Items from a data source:
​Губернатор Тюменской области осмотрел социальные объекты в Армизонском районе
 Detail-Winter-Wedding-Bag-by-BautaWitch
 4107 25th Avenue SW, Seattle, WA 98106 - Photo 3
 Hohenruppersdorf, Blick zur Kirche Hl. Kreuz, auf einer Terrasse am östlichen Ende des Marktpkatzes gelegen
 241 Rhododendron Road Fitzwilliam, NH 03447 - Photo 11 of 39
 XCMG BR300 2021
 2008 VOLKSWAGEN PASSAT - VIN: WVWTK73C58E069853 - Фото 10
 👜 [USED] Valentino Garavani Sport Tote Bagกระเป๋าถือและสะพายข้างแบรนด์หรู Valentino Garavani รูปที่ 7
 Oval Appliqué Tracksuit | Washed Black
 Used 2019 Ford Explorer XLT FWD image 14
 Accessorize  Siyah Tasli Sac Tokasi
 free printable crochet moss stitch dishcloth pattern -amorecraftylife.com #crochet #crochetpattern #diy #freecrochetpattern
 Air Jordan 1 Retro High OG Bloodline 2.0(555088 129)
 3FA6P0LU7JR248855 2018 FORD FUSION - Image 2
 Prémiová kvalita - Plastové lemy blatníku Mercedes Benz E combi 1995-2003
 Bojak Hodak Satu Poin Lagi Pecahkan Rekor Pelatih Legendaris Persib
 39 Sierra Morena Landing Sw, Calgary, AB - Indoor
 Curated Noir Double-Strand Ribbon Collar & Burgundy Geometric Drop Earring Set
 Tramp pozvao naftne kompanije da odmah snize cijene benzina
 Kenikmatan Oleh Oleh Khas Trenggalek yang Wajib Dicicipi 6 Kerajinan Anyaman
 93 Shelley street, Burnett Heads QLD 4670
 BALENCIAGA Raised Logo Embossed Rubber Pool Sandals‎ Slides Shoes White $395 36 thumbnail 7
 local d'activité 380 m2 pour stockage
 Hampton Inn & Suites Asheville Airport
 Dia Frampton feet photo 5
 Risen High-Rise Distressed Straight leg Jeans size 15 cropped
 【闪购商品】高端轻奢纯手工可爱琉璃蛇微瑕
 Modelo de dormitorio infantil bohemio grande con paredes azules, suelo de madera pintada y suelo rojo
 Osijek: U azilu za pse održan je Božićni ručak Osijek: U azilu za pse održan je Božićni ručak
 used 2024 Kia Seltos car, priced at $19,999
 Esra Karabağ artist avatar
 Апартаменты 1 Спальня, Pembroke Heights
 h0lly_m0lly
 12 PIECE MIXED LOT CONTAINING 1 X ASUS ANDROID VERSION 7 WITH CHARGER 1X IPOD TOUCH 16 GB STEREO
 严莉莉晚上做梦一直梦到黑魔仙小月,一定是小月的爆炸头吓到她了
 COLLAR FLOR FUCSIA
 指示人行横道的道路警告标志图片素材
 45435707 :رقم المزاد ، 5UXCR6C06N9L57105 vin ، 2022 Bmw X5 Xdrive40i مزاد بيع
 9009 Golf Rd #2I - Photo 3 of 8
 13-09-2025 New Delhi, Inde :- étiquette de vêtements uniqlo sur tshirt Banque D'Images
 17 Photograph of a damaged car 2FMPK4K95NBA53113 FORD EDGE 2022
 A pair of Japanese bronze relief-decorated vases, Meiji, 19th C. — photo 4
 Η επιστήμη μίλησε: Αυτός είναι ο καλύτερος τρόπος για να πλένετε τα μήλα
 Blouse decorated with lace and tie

_TO DO_
Every entry is to be copied exactly, with none omitted.

_TASK RESPONSE_
​Губернатор Тюменской области осмотрел социальные объекты в Армизонском районе
 Detail-Winter-Wedding-Bag-by-BautaWitch
 4107 25th Avenue SW, Seattle, WA 98106 - Photo 3
 Hohenruppersdorf, Blick zur Kirche Hl. Kreuz, auf einer Terrasse am östlichen Ende des Marktpkatzes gelegen
 241 Rhododendron Road Fitzwilliam, NH 03447 - Photo 11 of 39
 XCMG BR300 2021
 2008 VOLKSWAGEN PASSAT - VIN: WVWTK73C58E069853 - Фото 10
 👜 [USED] Valentino Garavani Sport Tote Bagกระเป๋าถือและสะพายข้างแบรนด์หรู Valentino Garavani รูปที่ 7
 Oval Appliqué Tracksuit | Washed Black
 Used 2019 Ford Explorer XLT FWD image 14
 Accessorize  Siyah Tasli Sac Tokasi
 free printable crochet moss stitch dishcloth pattern -amorecraftylife.com #crochet #crochetpattern #diy #freecrochetpattern
 Air Jordan 1 Retro High OG Bloodline 2.0(555088 129)
 3FA6P0LU7JR248855 2018 FORD FUSION - Image 2
 Prémiová kvalita - Plastové lemy blatníku Mercedes Benz E combi 1995-2003
 Bojak Hodak Satu Poin Lagi Pecahkan Rekor Pelatih Legendaris Persib
 39 Sierra Morena Landing Sw, Calgary, AB - Indoor
 Curated Noir Double-Strand Ribbon Collar & Burgundy Geometric Drop Earring Set
 Tramp pozvao naftne kompanije da odmah snize cijene benzina
 Kenikmatan Oleh Oleh Khas Trenggalek yang Wajib Dicicipi 6 Kerajinan Anyaman
 93 Shelley street, Burnett Heads QLD 4670
 BALENCIAGA Raised Logo Embossed Rubber Pool Sandals‎ Slides Shoes White $395 36 thumbnail 7
 local d'activité 380 m2 pour stockage
 Hampton Inn & Suites Asheville Airport
 Dia Frampton feet photo 5
 Risen High-Rise Distressed Straight leg Jeans size 15 cropped
 【闪购商品】高端轻奢纯手工可爱琉璃蛇微瑕
 Modelo de dormitorio infantil bohemio grande con paredes azules, suelo de madera pintada y suelo rojo
 Osijek: U azilu za pse održan je Božićni ručak Osijek: U azilu za pse održan je Božićni ručak
 used 2024 Kia Seltos car, priced at $19,999
 Esra Karabağ artist avatar
 Апартаменты 1 Спальня, Pembroke Heights
 h0lly_m0lly
 12 PIECE MIXED LOT CONTAINING 1 X ASUS ANDROID VERSION 7 WITH CHARGER 1X IPOD TOUCH 16 GB STEREO
 严莉莉晚上做梦一直梦到黑魔仙小月,一定是小月的爆炸头吓到她了
 COLLAR FLOR FUCSIA
 指示人行横道的道路警告标志图片素材
 45435707 :رقم المزاد ، 5UXCR6C06N9L57105 vin ، 2022 Bmw X5 Xdrive40i مزاد بيع
 9009 Golf Rd #2I - Photo 3 of 8
 13-09-2025 New Delhi, Inde :- étiquette de vêtements uniqlo sur tshirt Banque D'Images
 17 Photograph of a damaged car 2FMPK4K95NBA53113 FORD EDGE 2022
 A pair of Japanese bronze relief-decorated vases, Meiji, 19th C. — photo 4
 Η επιστήμη μίλησε: Αυτός είναι ο καλύτερος τρόπος για να πλένετε τα μήλα
 Blouse decorated with lace and tie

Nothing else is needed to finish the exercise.